The concept of life is vague without information. Information has enabled a man to perform his routine activities in an efficient way. For decision-making, we need the support of information (Kumar, 2004). Modern society depends on information for all its activities. Every person has the need for information. Without valid and up-to-date information, it is impossible to do progress in any field of life (Bajpai, 1999). Understanding of information needs and information-seeking behavior of various professional groups is essential as it helps in the planning, implementation and operation of information system and services in the given work settings (Devadason & Lingam, 1997). Legal information is basic to all, both lawyers and non-lawyers. The law is supposed to be understood and used by each and every citizen (Otike, 1997). Lawyers are individuals who have a wide range of responsibilities and duties when it comes to their profession. Their role in society is even more important as they are acting as a voice for others (Exforsys, 2010). In today's world, legal issues spring up almost always on a regular basis. Most probably, one does not have the time to handle all of them. Having a lawyer to take care of one's legal affair is very much required and it is one sure way to get free from unnecessary headaches (Hood, 2006). Lawyers are the protectors of the people. They play a very important role in maintaining order in one place. In addition, a number of positions in the government are being held by lawyers. Thus, they contribute in providing and regulating peace in the community (Buzzle, 2010).
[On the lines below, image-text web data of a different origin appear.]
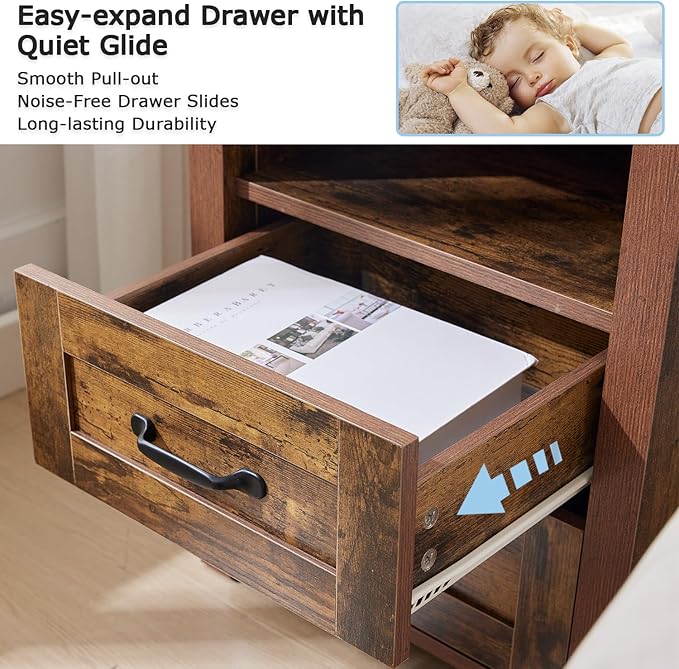 Puntogen Brown Night Stand Set of 2, Rustic End Table - Image 8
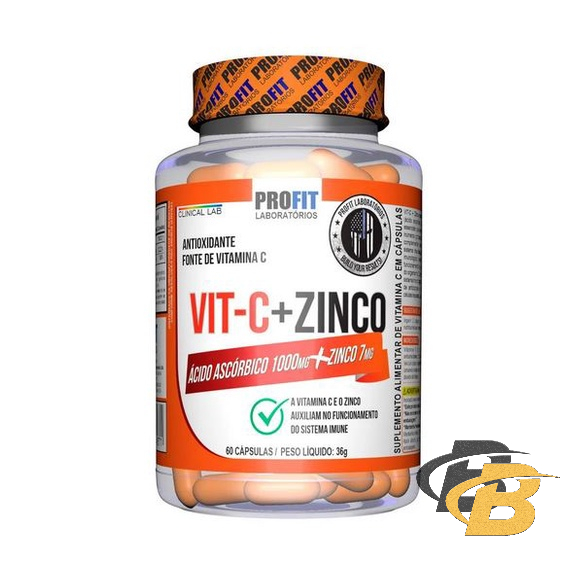 Vitamina C Vit C 1000mg + Zinco Saúde Imunológica 60 Cápsulas Profit - Health
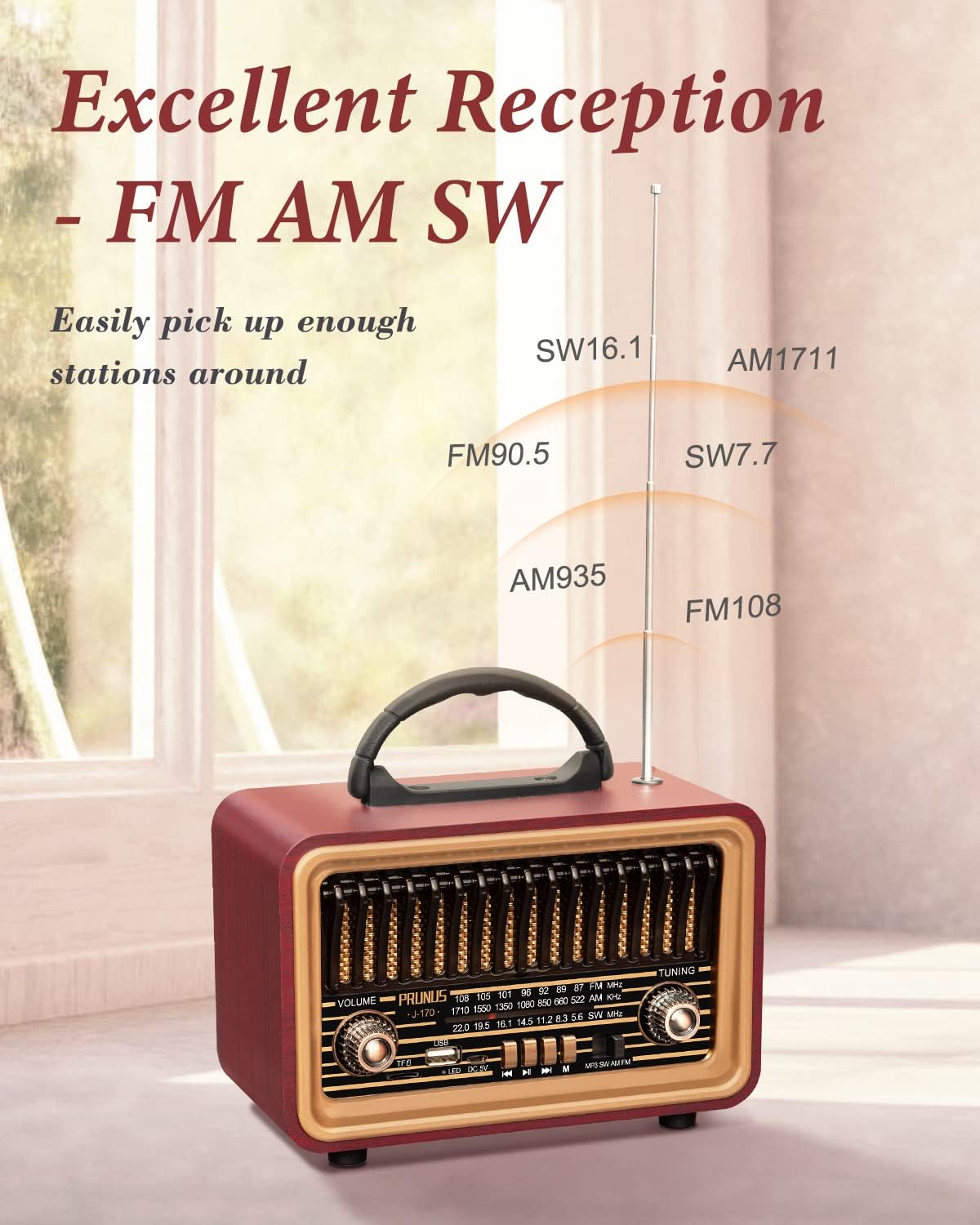 RADIO VINTAGE ESTILO RETRO MODERNO - AM-FM-MP3 - BLUETOOTH-USB - RECARGABLE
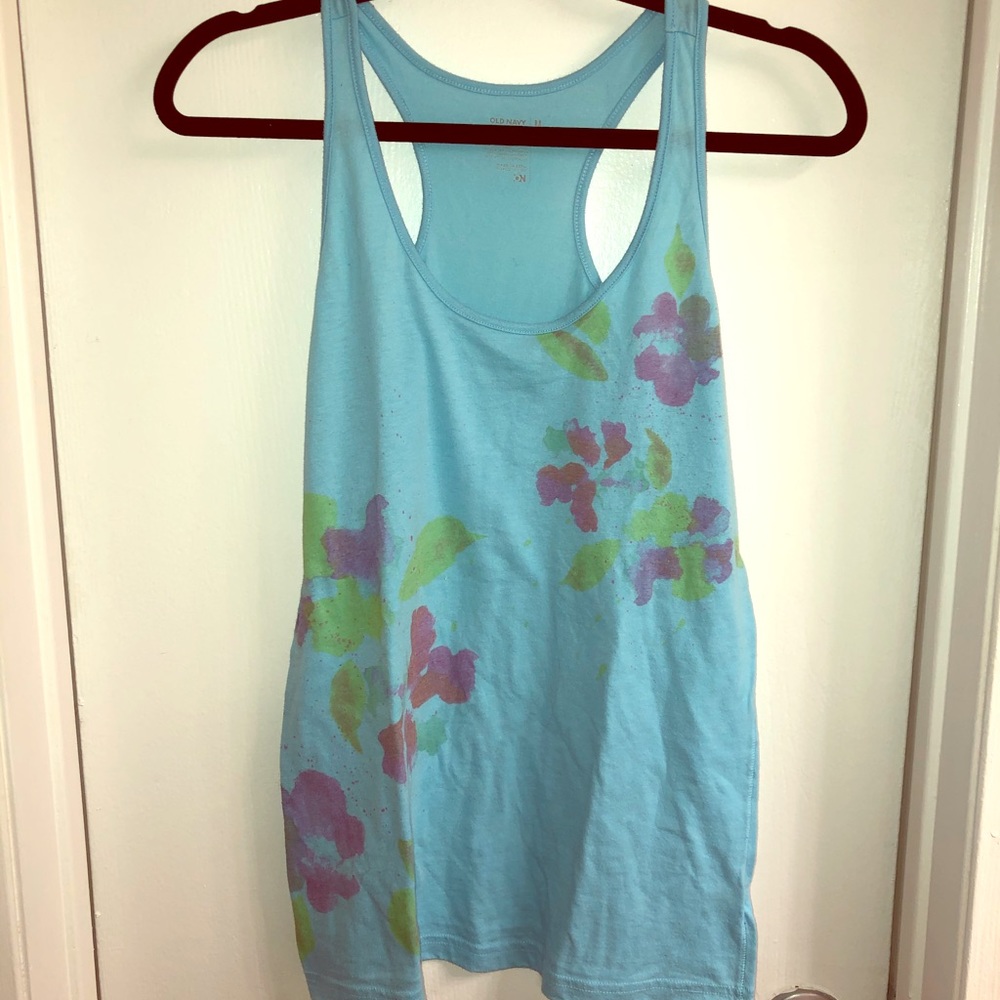 Blue watercolor flower tank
Research Methodology and Data Collection Approach
Survey of the lawyer's community at District Bar Council, Bahawalpur was conducted by the researcher and data were collected with the help of a structured, peer-reviewed and pilot-tested questionnaire. Seventy questionnaires were distributed among the lawyers for data collection and 54 questionnaires were filled out by the lawyers. The response rate was 77%. Due to the busy schedule of the lawyers, the researcher faced difficulty in data collection. The collected data were analyzed through SPSS software version 14.
The main objectives of the study were to investigate:
1. For what purpose, lawyers search for information?
2. What are the information seeking habits of lawyers?
3. From where do they generally get information resources?
4. What do they do in case of urgent need of information?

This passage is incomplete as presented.